Everything from the opening line of the records below up to and including the line containing "Chevrolet SONIC LS" should be retyped exactly, minus the pictures.

******

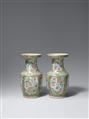 A pair of Canton famille rose vases. Qing dynasty, 19th century - image-1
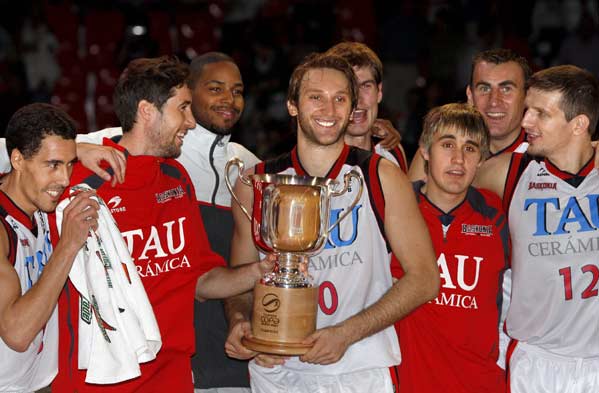 Los jugadores del TAU posan con el trofeo de la Supercopa ACB Los jugadores del TAU posan con el trofeo de la Supercopa ACB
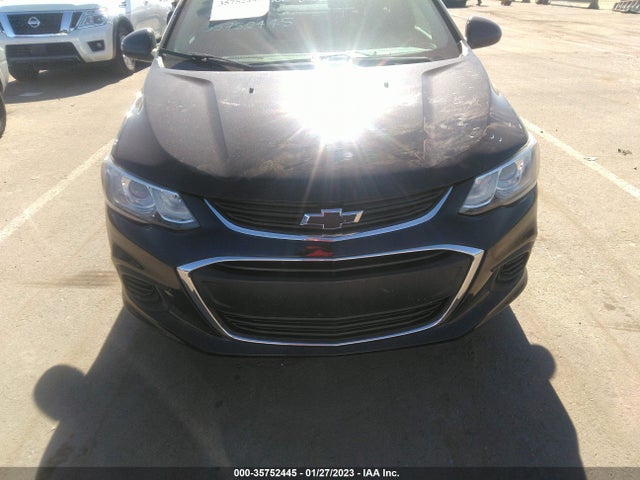 Chevrolet SONIC LS 2018 1G1JA5SH8J4115935 Image 7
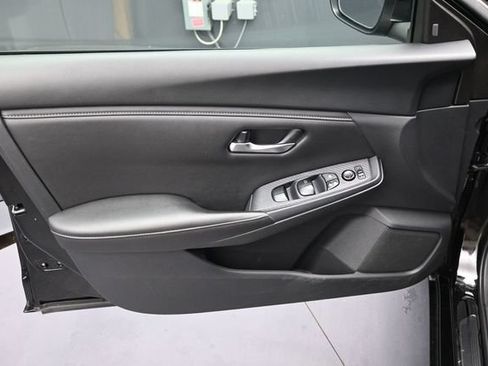 Used 2024 Nissan Sentra SV w/ All-Weather Package FWD image 12
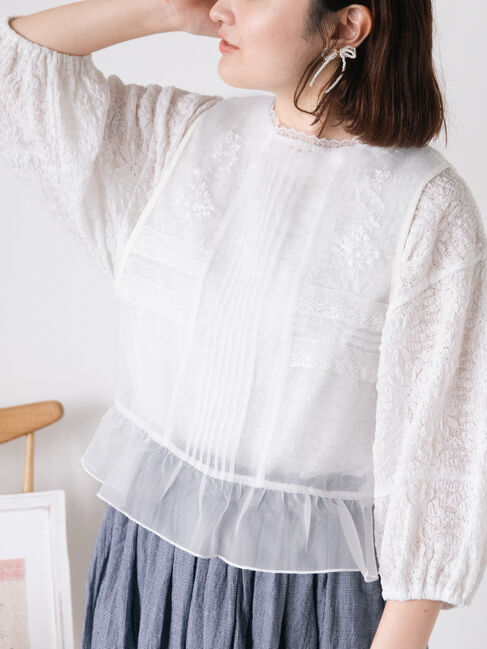 Samansa Mos2「オーガンジー刺繍ベスト」|ダウンベスト・ベスト|オフホワイト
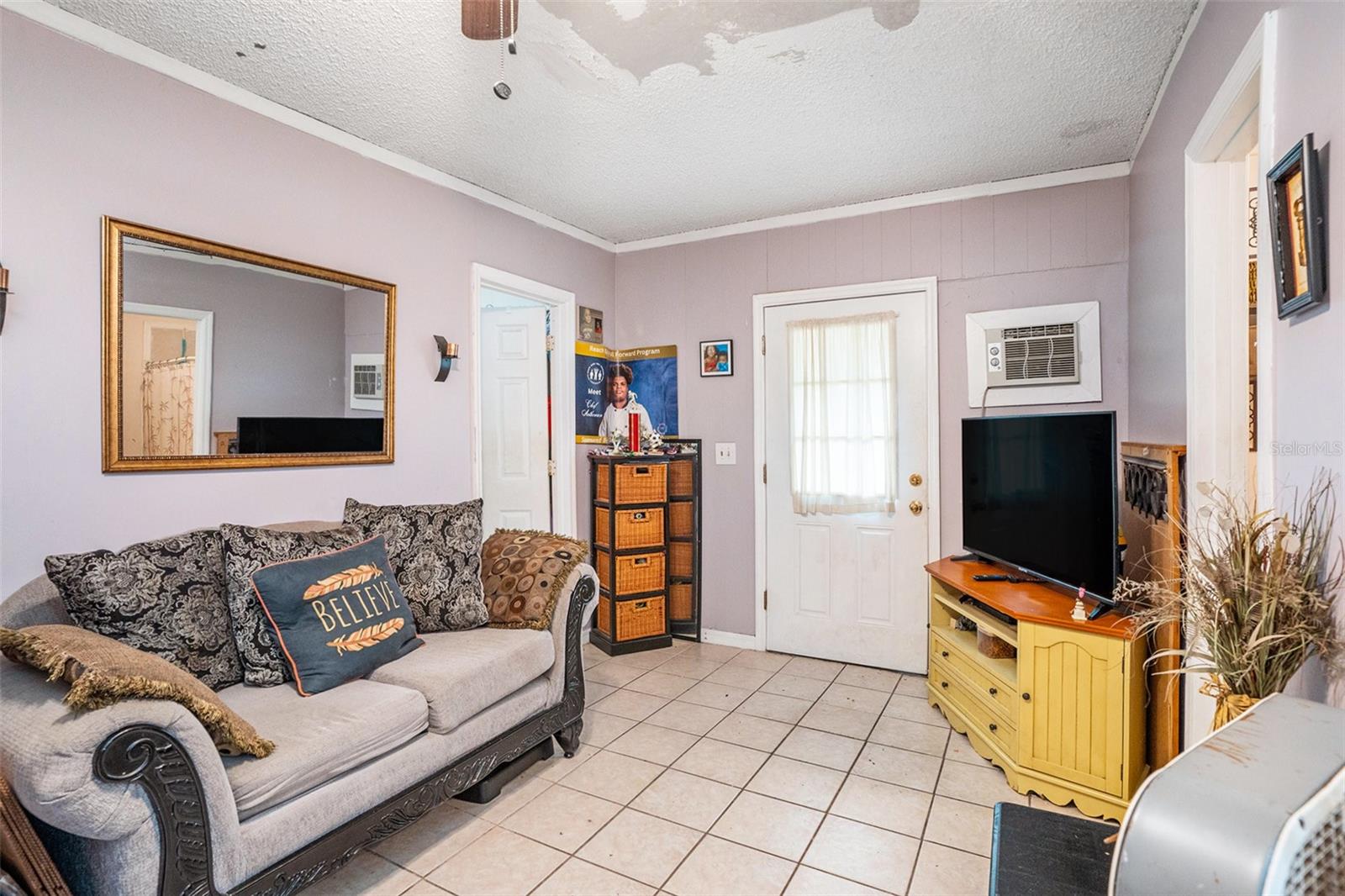 Area 2: Living Room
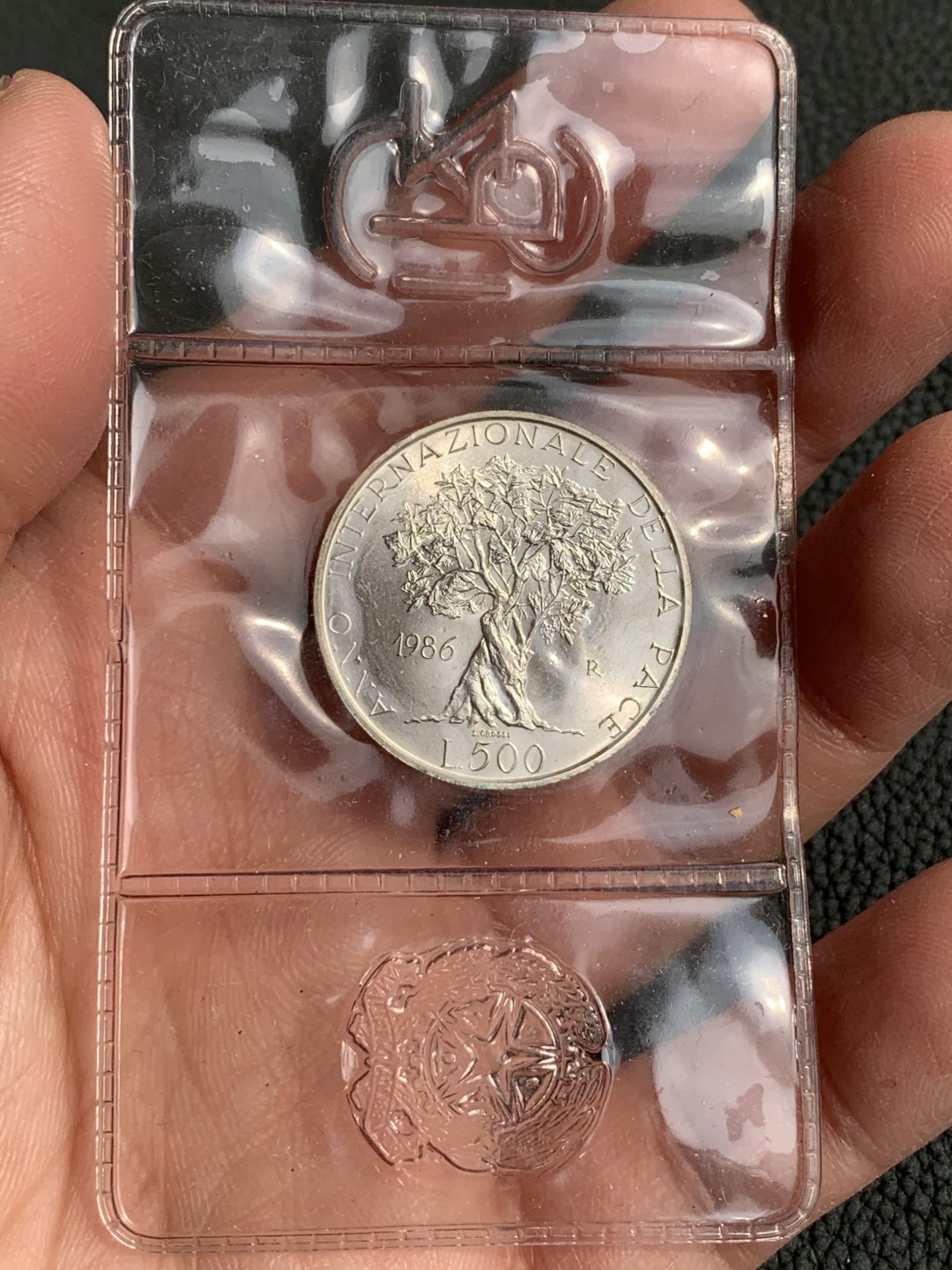 《竞宝斋》第140场-周日，周一，周四 3拍 (全场包邮) 意大利 1986年 世界和平纪念 500里拉银币 原封装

******

Answer section
 A pair of Canton famille rose vases. Qing dynasty, 19th century - image-1
 Los jugadores del TAU posan con el trofeo de la Supercopa ACB Los jugadores del TAU posan con el trofeo de la Supercopa ACB
 Chevrolet SONIC LS 2018 1G1JA5SH8J4115935 Image 7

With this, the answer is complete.